* [Exercise goal] Return the line that has "吉考斯工业携手《黑神话：悟空》推出「心猿」服饰系列" and all lines below it through the last, exactly as they stand; omit pictures.

* [Data segment]
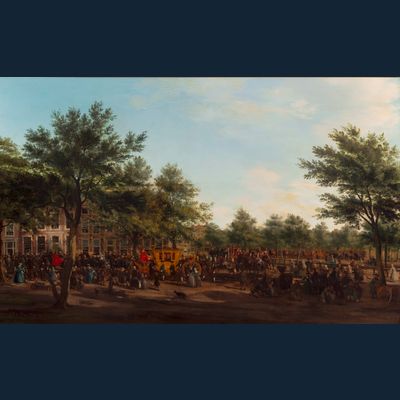 Jacob Elias La Fargue (1735–1778)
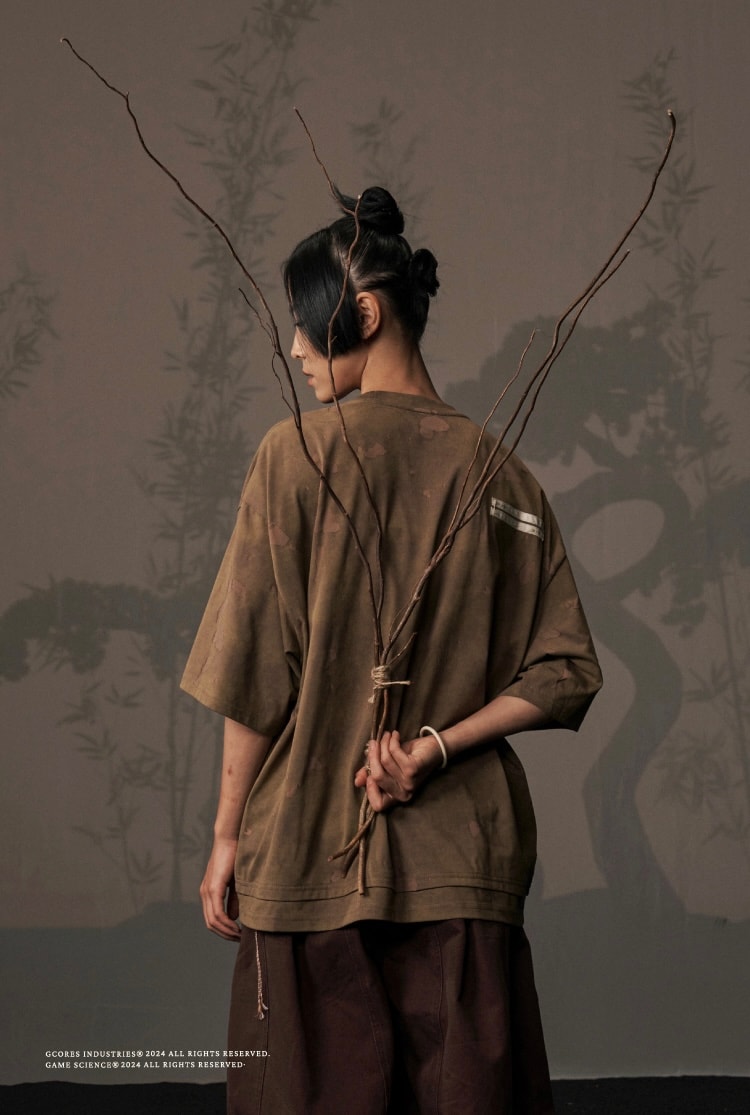 吉考斯工业携手《黑神话：悟空》推出「心猿」服饰系列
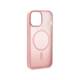 PURO ovitek za iPhone 15 Gradient, roza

* [Expected answer]
 吉考斯工业携手《黑神话：悟空》推出「心猿」服饰系列
 PURO ovitek za iPhone 15 Gradient, roza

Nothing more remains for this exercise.